God is a merciful God who created the universe, our planet with gravity, and human life. The human body, with guardian angels, is no match for gravity. When you challenge physics and facts with wishes and fantasy, your existence is in peril.

Back to God. God does give us more than we can burden. If he gave us only all that we can burden, I suggest living the life of a very weak and disorderly person.

God does take the best people because they are so good. If that were the case, avoid being too good. Just be a little less than average.

If God needed my son in heaven more than I needed him on earth, maybe I should have been less responsible and more needy.
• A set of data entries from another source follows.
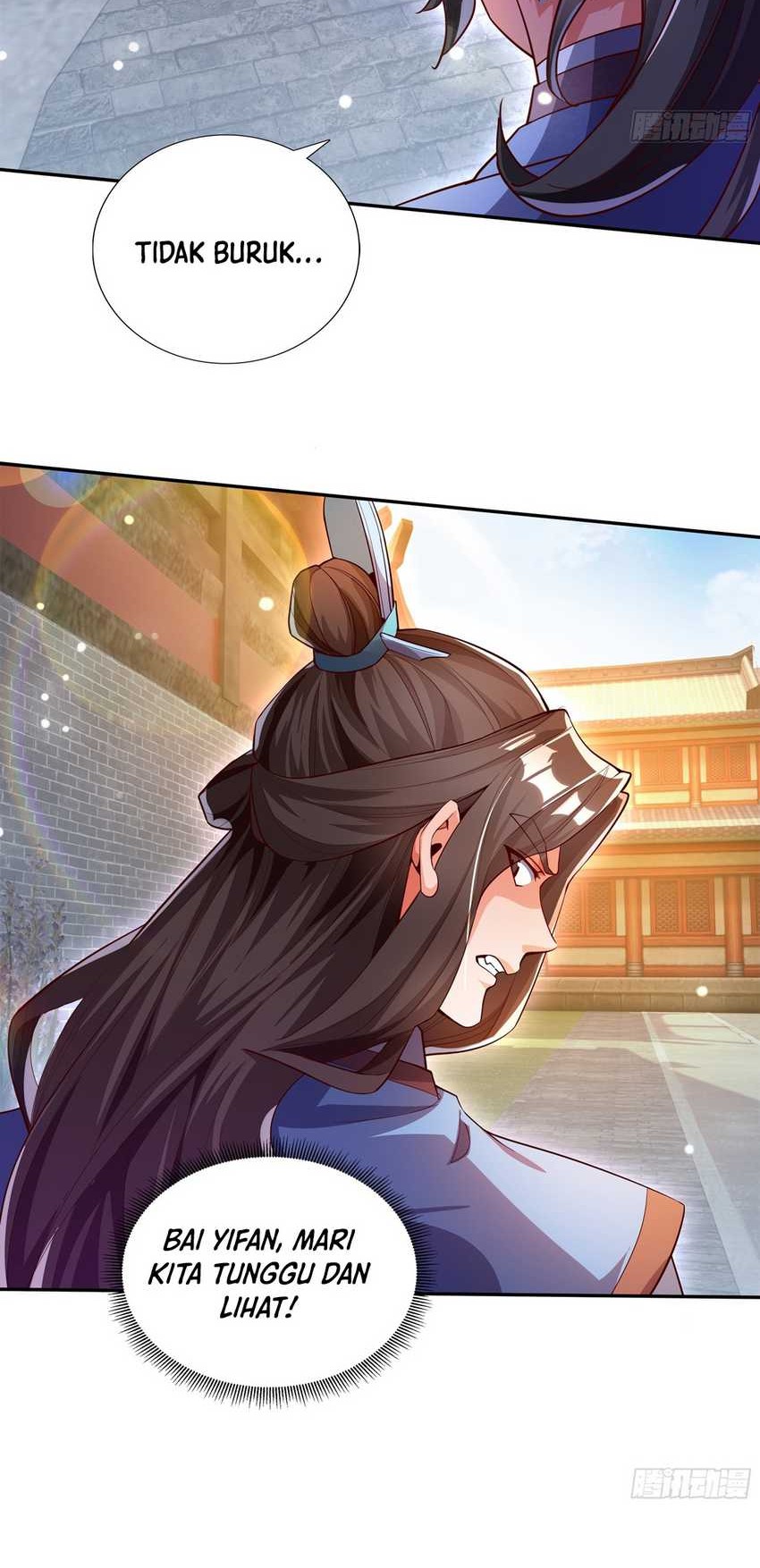 I Scared the Divine Lord as I handed over the Ancient Immortal Pill Chapter 27 Gambar 13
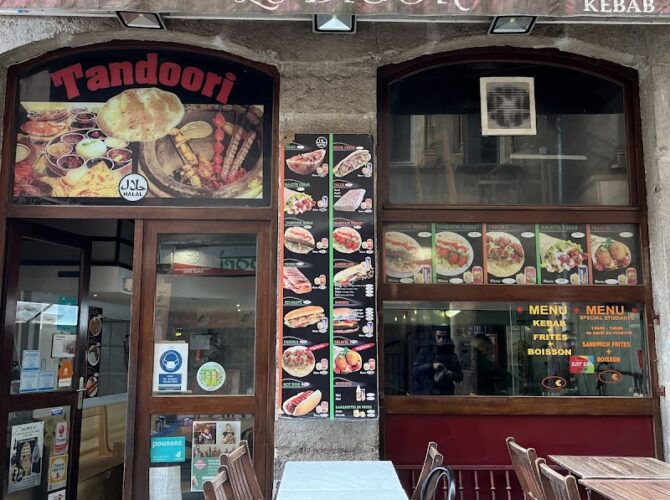 Restaurant Le Digor 2 à Lyon, France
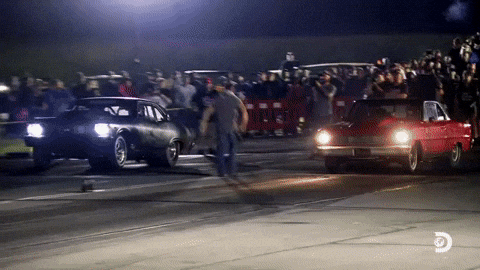Giphy - Street Racing Race GIF by Discovery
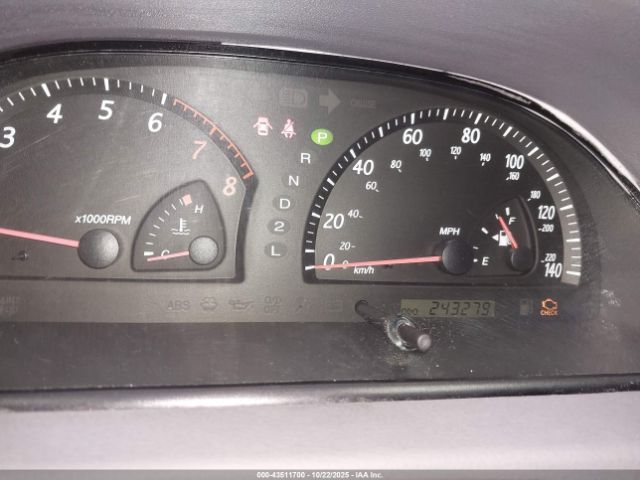 2004 TOYOTA CAMRY 4T1BE32KX4U800521 Photo 6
If God gives what you can burden, takes the best when they are young, calls those who he needs in heaven right now, and places Guardian Angels who fail to do their job, then God is the director of the most twisted, left wing, social system of unjustice ever created. There would need to be a change at the top as this gig is flawed.

Gratefully, those feel good concepts don't cut it, but science and laws of nature do explain what God expects. First, God asks for mercy, not sacrifice. Second, God's world is orderly and predictable based on the sciences, those secrets are being uncovered every day... forever.

The guardian angels are friendly reminders in our head to make choices that would keep us out of harms way. They must work for us and not God, as it appears we are able to give them their leave at our discretion...or, they're lazy little runts who can't do a full days work.

Lets set another false statement straight: Speed Kills. Wrong. The sudden abrupt stop does the fatal damage. Speed is just the catalyst.

Tonight is sleep. Tomorrow is spiritual growth and work on gratitude and forgiveness and patience. I need some patience with people.... right now.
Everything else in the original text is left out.